Are you a fan of eating farm-fresh food all year round? Perhaps you’re partial to pickles or homemade jam? Here’s how you keep your harvest for a rainy day.

Home gardens and farmers’ markets are bursting with seasonal produce. Don’t you wish you could keep this tasty bounty all year long? With some dedication and enough processing time, you can! Water bath canning can save you money and provide you with a store of healthy jams, pickles, and other condiments — with none of the added preservatives you’d find in their grocery store counterparts.

What’s the difference between canning and pickling? 

Canning is a vacuum-sealing method used to preserve perishable foods for long-term storage without refrigeration. Pickling refers specifically to preserving food in a solution of brine or vinegar; pickles may be canned for long-term storage or not.

A "quick pickle" (sometimes called a refrigerator pickle) requires the same sterilization steps as traditionally canned food, but isn't processed to produce a vacuum seal, and therefore requires refrigeration.

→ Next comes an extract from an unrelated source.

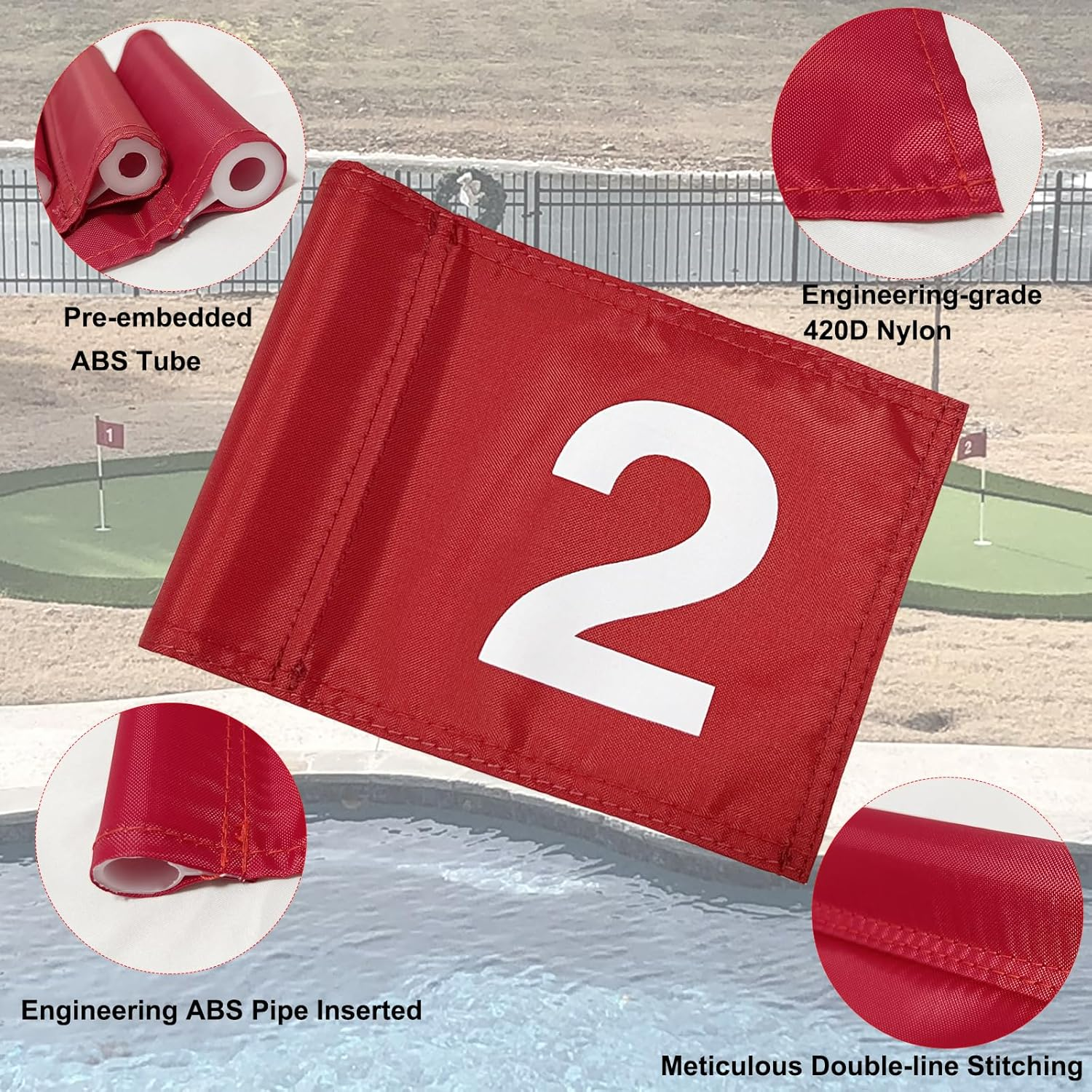 BTREEFLO 3PCS Numbered Golf Flag 8X6 Inch Upgraded Dual-Layer 420D Nylon Putting Green Golf Flags with Tube Inserted, Mini Practice Golf Target Flag for Yard Backyard Garden Outdoor Indoor image number 4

Any quick pickle — be it pickled green beans or crispy cucumbers — will need to be refrigerated and consumed within a week. For longer-term storage, water bath canning is necessary to produce a vacuum seal while maintaining a high enough temperature to kill bacteria.

Most fresh foods contain a lot of water, which is what makes them so highly perishable. Both preservation methods help to curb spoilage, which accelerates with the presence of microorganisms, oxidation, and bruising. For these reasons, it’s important to use the highest-quality fruits and veggies you can find.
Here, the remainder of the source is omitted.